(Available records Opens)

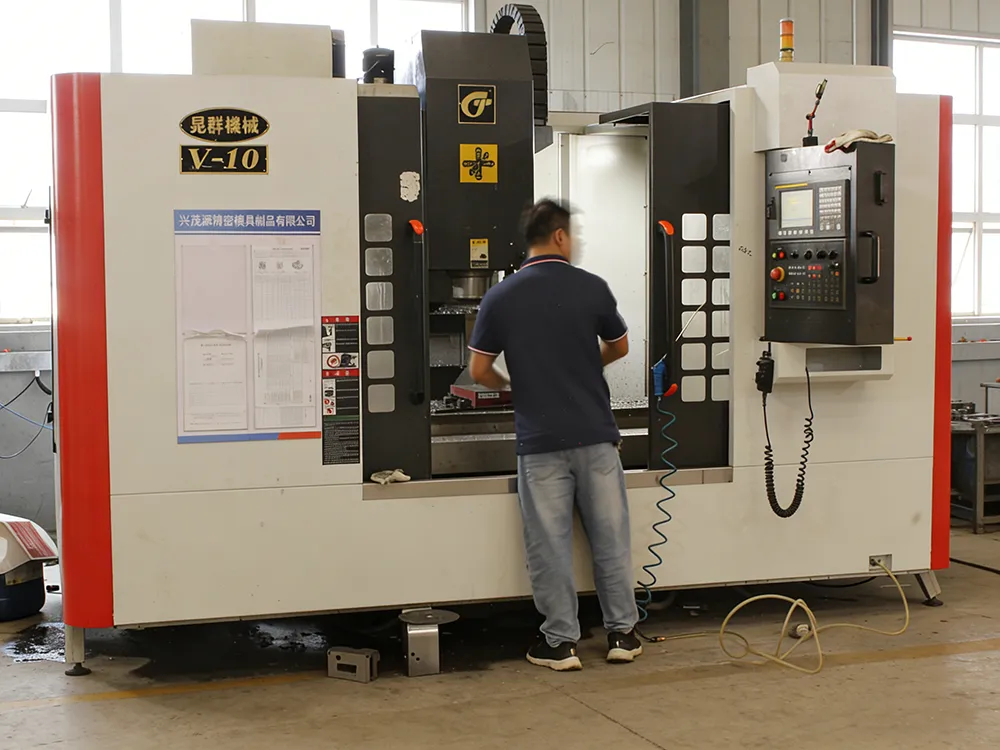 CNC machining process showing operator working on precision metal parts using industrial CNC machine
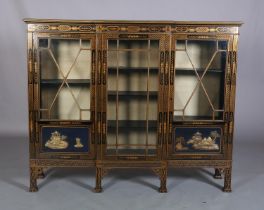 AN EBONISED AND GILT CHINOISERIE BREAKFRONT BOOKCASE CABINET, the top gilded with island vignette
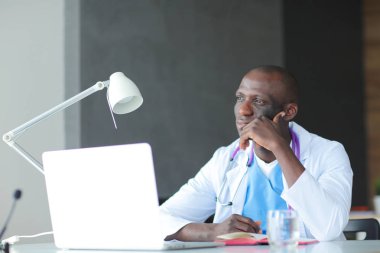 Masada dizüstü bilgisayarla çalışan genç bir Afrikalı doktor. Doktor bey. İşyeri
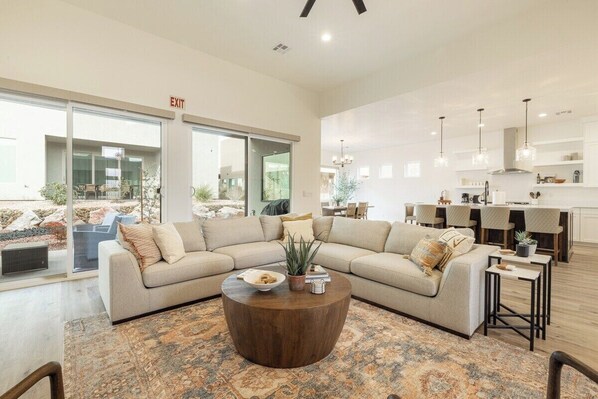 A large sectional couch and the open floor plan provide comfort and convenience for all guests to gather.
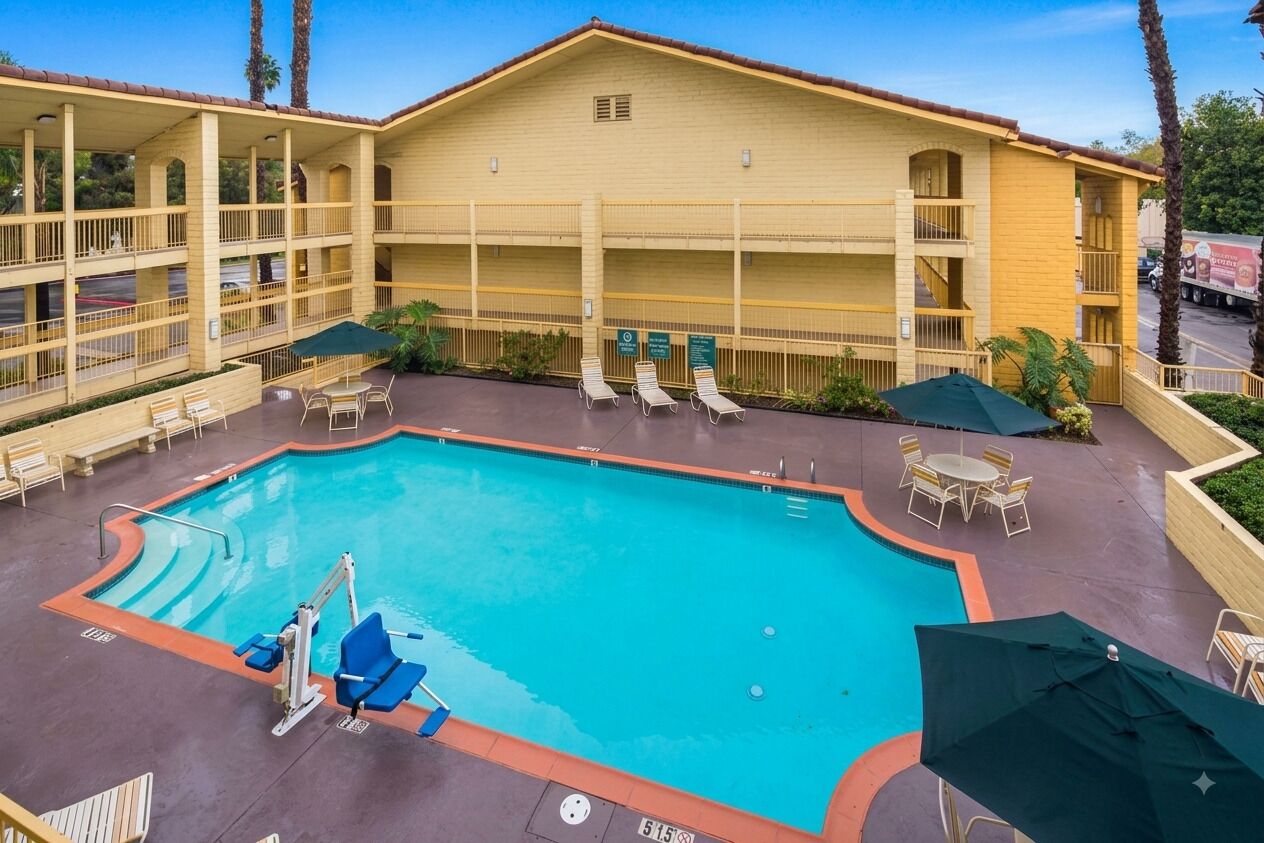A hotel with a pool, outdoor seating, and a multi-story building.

(Available records Closes)
(Available records Opens)

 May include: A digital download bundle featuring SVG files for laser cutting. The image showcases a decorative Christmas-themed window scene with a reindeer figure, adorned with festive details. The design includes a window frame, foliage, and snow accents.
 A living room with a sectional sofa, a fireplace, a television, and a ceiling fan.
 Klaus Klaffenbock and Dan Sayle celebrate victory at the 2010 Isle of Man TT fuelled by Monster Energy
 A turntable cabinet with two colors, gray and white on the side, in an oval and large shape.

(Available records Closes)

* _Required action_: What do the entries above read from the line containing "CNC machining process" through the line containing "A hotel with"? Output those lines exactly, both ends included, with the pictures left out.

* _Exercise output_:
 CNC machining process showing operator working on precision metal parts using industrial CNC machine
 AN EBONISED AND GILT CHINOISERIE BREAKFRONT BOOKCASE CABINET, the top gilded with island vignette
 Masada dizüstü bilgisayarla çalışan genç bir Afrikalı doktor. Doktor bey. İşyeri
 A large sectional couch and the open floor plan provide comfort and convenience for all guests to gather.
A hotel with a pool, outdoor seating, and a multi-story building.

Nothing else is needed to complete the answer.